Его редактор в Bantam,
Питер Гуззарди, не был физиком и действовал просто: если он чего-то не понимает, это нужно переписать. Как и коллеги Хокинга, и его ученики, Гуззарди пенял на манеру Хокинга переноситься от одной идеи к другой и приходить к ошеломительным выводам в наивной уверенности, что ясные ему связи очевидны всем. Дело было не только в необходимости вложить как можно больше смысла в небольшое количество слов – причина глубже, и коллеги Хокинга временами бывали вынуждены следить за куда более головокружительным полетом мысли, чем в этой книге, которую редактировал Питер Гуззарди. Порой, говорит Уитт, Стивен заявлял ему: то или это так, “потому что я понял”. Ни доказательств, ни объяснений, как он пришел к такому выводу. Брайан проводил вычисления и иногда пытался переубедить Хокинга, но тот упорствовал. Хорошенько подумав над вопросом и еще раз его обсудив, Брайан в итоге понимал, что Стивен был прав. “Его интуиция куда надежнее моей математики. Одно из ключевых свойств его разума: думать не пошагово, а проскочить все вычисления и одним махом добраться до выводов”[221]. Но редактор Гуззарди никак не мог допустить скачков мысли в популярной книге. Порой Стивену казалось, что он уже все разобъяснил, а Гуззарди все равно недоумевал. В какой-то момент издательство тактично намекнуло, что можно было бы обратиться к опытному автору и поручить ему написать книгу от имени Хокинга. Стивен категорически отверг это предложение. Процесс редактирования занял чудовищно много времени. Очередную переписанную набело главу Гуззарди возвращал с новым списком вопросов и возражений. Хокинг выходил из себя, но в итоге признавал, что редактор был прав. “В результате книга получилась”, – сказал он[222].Редакторы из Cambridge University Press,
отказавшиеся работать с Хокингом над этим проектом, предупреждали его: каждое уравнение вдвое снижает объем продаж. Гуззарди придерживался того же мнения. В конце концов Хокинг оставил лишь одно уравнение, знаменитую формулу Эйнштейна E=mc2. И в вопросе с названием победу тоже одержал Гуззарди. У Хокинга эпитет “краткая” вызывал сомнения, но Гуззарди заверил его, что название очень хорошее, с юмором. К мнению редактора прислушались: книгу было решено озаглавить “Краткая история времени”. Второй вариант удалось закончить к весне 1987-го – понадобился почти год работы.К тому времени Хокинг уже вернулся и к основной своей работе, продолжал исследования, получал все новые награды.
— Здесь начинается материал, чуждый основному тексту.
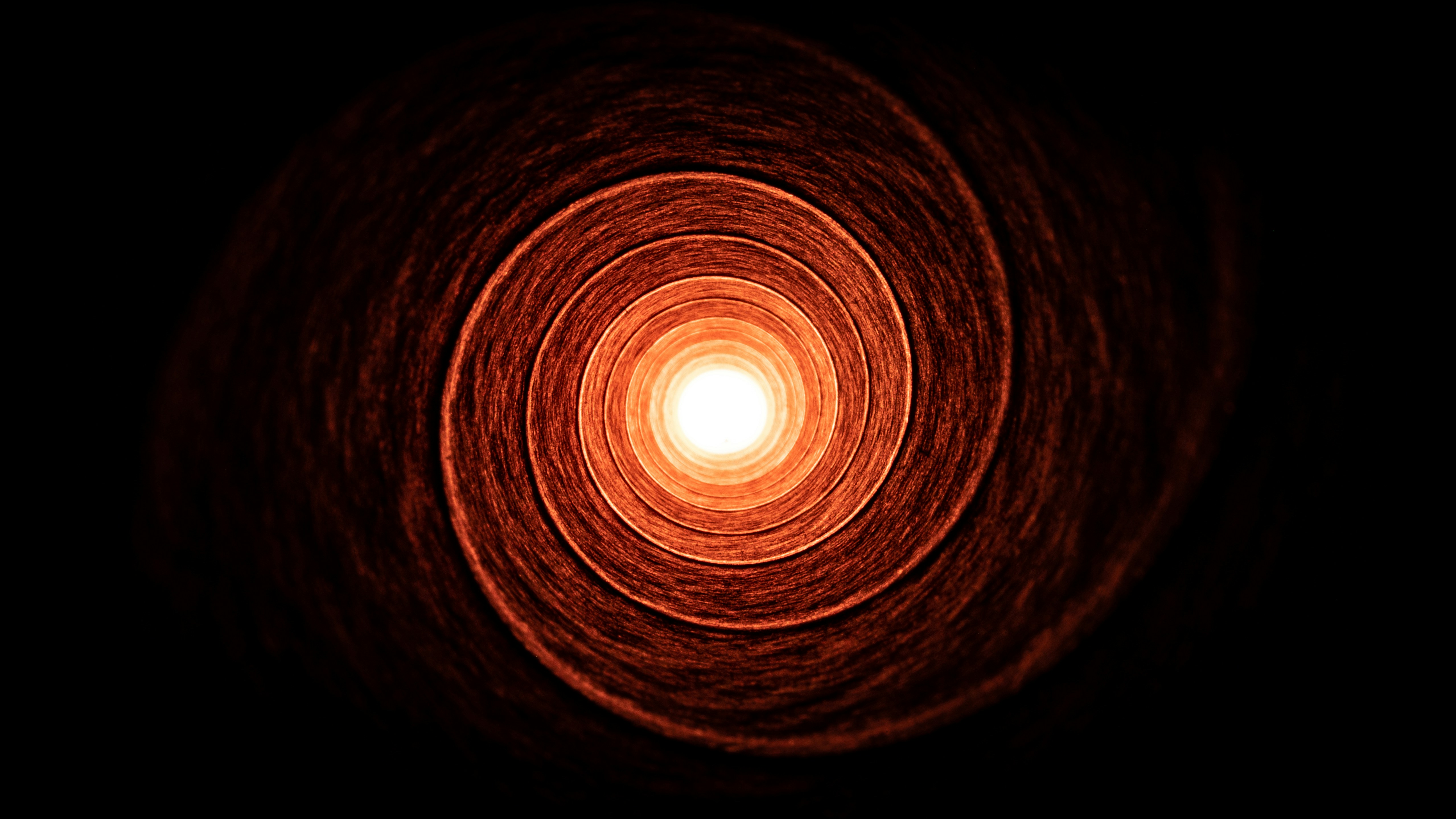 a light in the middle of a dark room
В октябре 1986 года его пригласили в Папскую академию наук, все семейство Хокингов удостоилось аудиенции у папы. Хокинг стал первым лауреатом медали Пола Дирака, присуждавшейся Институтом физики. В июне и июле 1987 года, освободившись от работы над “Краткой историей времени”, Хокинг принял активное участие в кембриджской конференции, посвященной трехсотлетию опубликования “Математических начал” Исаака Ньютона, одной из величайших книг в истории науки. Хокинг, вместе с Вернером Израэлем, стал вдохновителем этой встречи: они уговорили ведущих ученых из разных областей науки, связанных с гравитацией, написать статьи и собрали интереснейший том “Триста лет всемирного тяготения”[223]
.Перед выходом “Краткой истории времени” в свет, ранней весной 1988 года, сигнальный экземпляр отослали Дону Пейджу с просьбой написать рецензию для журнала Nature.
К ужасу Пейджа, в книге обнаружилось множество ошибок – фотографии и рисунки не на своих местах, с неправильными подписями. Пейдж в панике позвонил в Bantam. Издательство приняло решение отозвать и уничтожить весь тираж. Затем принялись второпях исправлять все изъяны, чтобы успеть к апрелю, к запланированной американской публикации. У Пейджа сохранился редкий экземпляр первого неудачного тиража. Наверное, такой уникум стоит теперь недешево.